|A Jewish businessman in America decided to send his son to Israel to absorb some of the culture of the homeland. When the son returned, the father asked him to tell him about his trip.|
The son said, "Pop, I had a great time in Israel. By the way, I converted to Christianity."
"Oy vey," said the father. "What have I done?"
He decided to go ask his friend Jacob what to do.
Jacob said, "Funny you should ask. I too sent my son to Israel, and he also came back a Christian. Perhaps we should go see the rabbi and ask him what we should do."

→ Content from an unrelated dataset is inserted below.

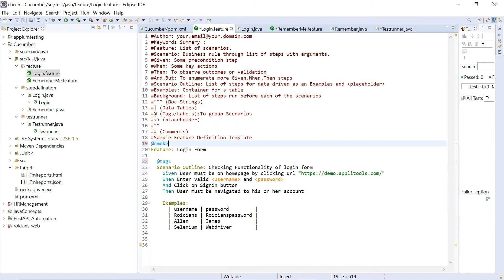So next time, let's say a release is very near and we have to test everything - we know we will be performing smoke testing. I will simply specify in my feature file that whatever scenarios or test cases have the tag smoke, please execute those instead of executing everything. So this is the benefit of using tags.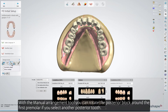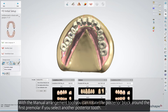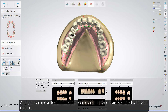With the Manual Arrangement tool, you can rotate the posterior block around the first premolar if you select another posterior tooth, and you can move teeth if the first premolar or anteriors are selected with your mouse.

So they went to see the Rabbi. The Rabbi said, "Funny you should ask.I too sent my son to Israel. He also came back a Christian. What is happening to our young people? Perhaps we should go talk to God and ask him what to do."
The three of them prayed and explained what had happened to their sons and asked God what to do. Suddenly a voice came loud and clear from Heaven.
The Voice said, "funny you should ask, I too sent my son to Isreal..."
|A climber fell off a cliff, and as he tumbled down, he caught hold of a small branch wedged in the rock.|
"HELP! IS THERE ANYBODY UP THERE?" he shouted.
A majestic voice boomed through the gorge:
"I will help you, my son, but first you must have faith in me."
"Yes, yes, I trust you!" cried the man.
"Let go of the branch," boomed the voice.
There was a long pause, and the man shouted up again, "IS THERE ANYONE ELSE UP THERE I COULD TALK TO?"
|The preacher's Sunday sermon was 'Forgive Your Enemies.'|
He asked how many of the congregation have forgiven their enemies? About half held up their hands. He then repeated his question. Now about 80 % held up their hands.
He then repeated his question once more. All responded, except one elderly lady.
"Mrs. Johnson, are you not willing to forgive your enemies?"
"I don't have any."
"Mrs. Johnson that is very unusual. How old are you?"
"Ninety-three," she replied.
"Mrs. Johnson, please come down in front and tell the congregation how a person cannot have an enemy in the world?"
The little sweetheart of a lady tottered down the aisle and said, "I outlived every one of those bitches!"
|"Sister Ann, aren't you putting on a little weight?" inquired Father Dan during his visit to the convent, suspiciously eyeing her bulging stomach.|
"Why, no Father," answered the nun demurely, "It's just a little gas."
A few months later Father Dan put the same question to the nun noticing her habit barely fit across her belly.
"Oh, just a bit of gas," said sister Ann, blushing a bit.
On his next visit Father Dan was walking down the corridor when he passed Sister Ann wheeling a baby carriage.
Looking in, the priest observed, "Cute little Fart!"